Am Tag 2 gingen die Schmerzen der offenen Stellen und der mittlerweile teilweise aufgeplatzten Blasen (ich hatte zuvor noch nie direkt unten an der Ferse Blasen - Wahnsinn!) zurück, dafür traten nun die restlichen Schmerzen (Muskelkater, Sehnen-Überforderung, Gelenke, Hinteres Knie, …) deutlich stärker ein.
Um meinen Körper zu zeigen, dass nun das Jammern und die Schmerzen wenig Sinn machen, habe ich mich entschlossen, meinen geplanten Hühnerstall-Abriss heute tatsächlich trotz der Beschwerden durchzuziehen, allerdings erst nach erneuter "Fußpflege". Dies war von Anfang an mein Plan der "etwas alternativen Schmerztherapie". Ich legte dennoch bis Abends nochmal 25.000 Schritte an diesem Tag zurück, in Stahlkappen-Arbeitsschuhen, die mir gefühlt zu klein / unbequem / eng sind, dadurch habe ich nun auch Blasen außen an den Füßen bekommen - ok, wenigstens nicht mehr so einseitig. Wahnsinn, so viele Schritte habe ich sonst normalerweise das ganze Jahr über nie. Aber meine Motivation war noch immer da, die Euphorie überwiegt, und auch früher in der Jugend war es oft so, dass man nach einem Tag, an dem man zu viel getrunken hatte, auch am nächsten Tag mit ein zwei Bier wieder "vermeintlich fit" wurde, warum soll es dann auch nicht hier so oder so ähnlich klappen.
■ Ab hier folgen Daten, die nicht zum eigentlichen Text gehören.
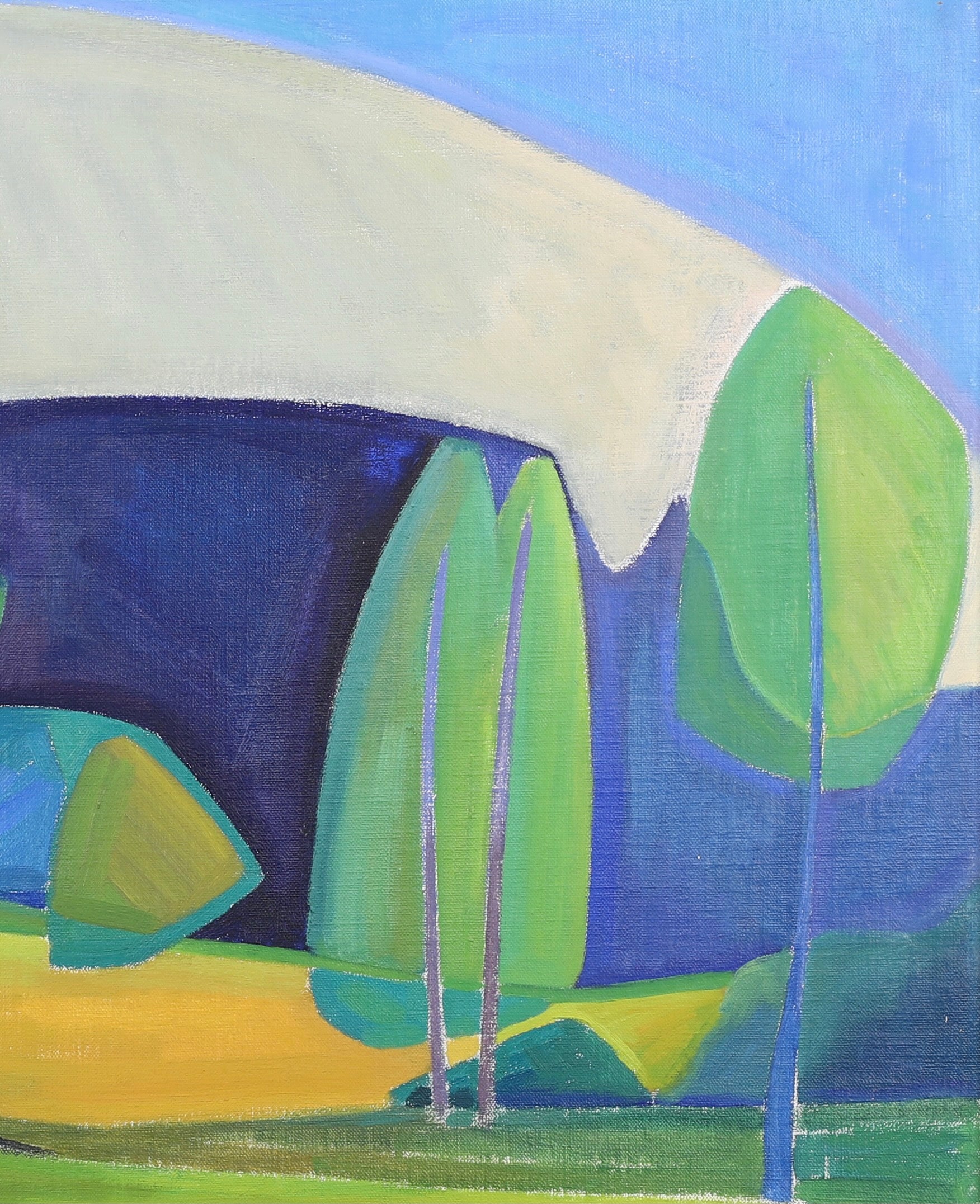 Mid Century Vintage Landscape Oil Painting From Sweden By Alexander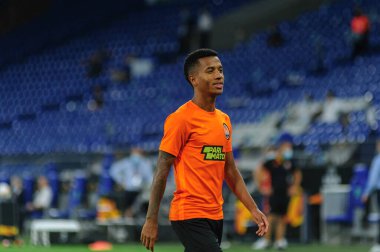 Gelsenkirchen, Almanya - 11 Ağustos 2020: Marcos Antonio, League Europa Shakhtar vs Basel 'in futbol maçında. Halka açık etkinliklere izin var. CV salgını sırasında Avrupa sporu.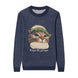 {Front of Navy Ringo the Purrger Sweater from Knitwise}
Deutlich besser: Keine Schmerzen mehr. Der Körper gibt wohl offensichtlich nach etwa 50-72 Stunden auf, und sieht es ein, dass die Schmerz-Signale scheinbar nichts / nichts mehr bringen. Ich sende euch dazu abschließend noch zwei weitere Bilder von den Füßen hinten links und hinten rechts, nun geht die wohl an Tag 1 neu drauf gekommene Haut wieder ab. Aber ich merke, dass vor allem Voltaren Schmerzgeld gut tut und die Regeneration unausweichlich einsetzt.
Für Morgen ist geplant, insgesamt vier Tage zum Wandern ins Allgäu zu fahren - bei schlechtem Wetter aber in die Therme dort zu gehen. Ich hoffe also darauf, dass morgen und übermorgen schlechtes Wetter ist - denn die nächsten beiden Tage mache ich meiner Familie sicherlich wenig Freude, wenn es ums Wandern geht, und der Wetterbericht lässt mich hoffen :)
So oder so bin ich stolz darauf, das Abzeichen geschafft zu haben - und kann jedem aber nur davon abraten, das nachzumachen, wenigstens dann, wenn man kein Ultra-Marathon-Läufer oder Vergleichbares ist. Denn gesund oder vernünftig ist das natürlich nicht - man kann damit nur testen, ob und wie lange man "kämpfen" kann. Aber ich bin normal ein ganz geselliger Typ, der gerne redet und Spaß mit seinen Freunden hat. Gerade die letzten ca. fünf Stunden der "Wanderung" war dies nicht mehr möglich.
Unabhängig davon gilt natürlich: Wer nicht kämpft, hat schon verloren.
Ich habe gewonnen, vor allem an Erfahrung und Schmerzen - und einem tollen Fitbit-Abzeichen, welches wohl nicht allzu viele hier erreichen werden, und zum Glück wahrscheinlich auch gar nicht wollen ;-)
Ich hoffe, mein Bericht hat euch gefallen und ein wenig zum Schmunzeln gebracht. Mir war zwar nicht mehr zum Lachen, aber Zeit heilt Wunden, und meine Füße sind noch dran :)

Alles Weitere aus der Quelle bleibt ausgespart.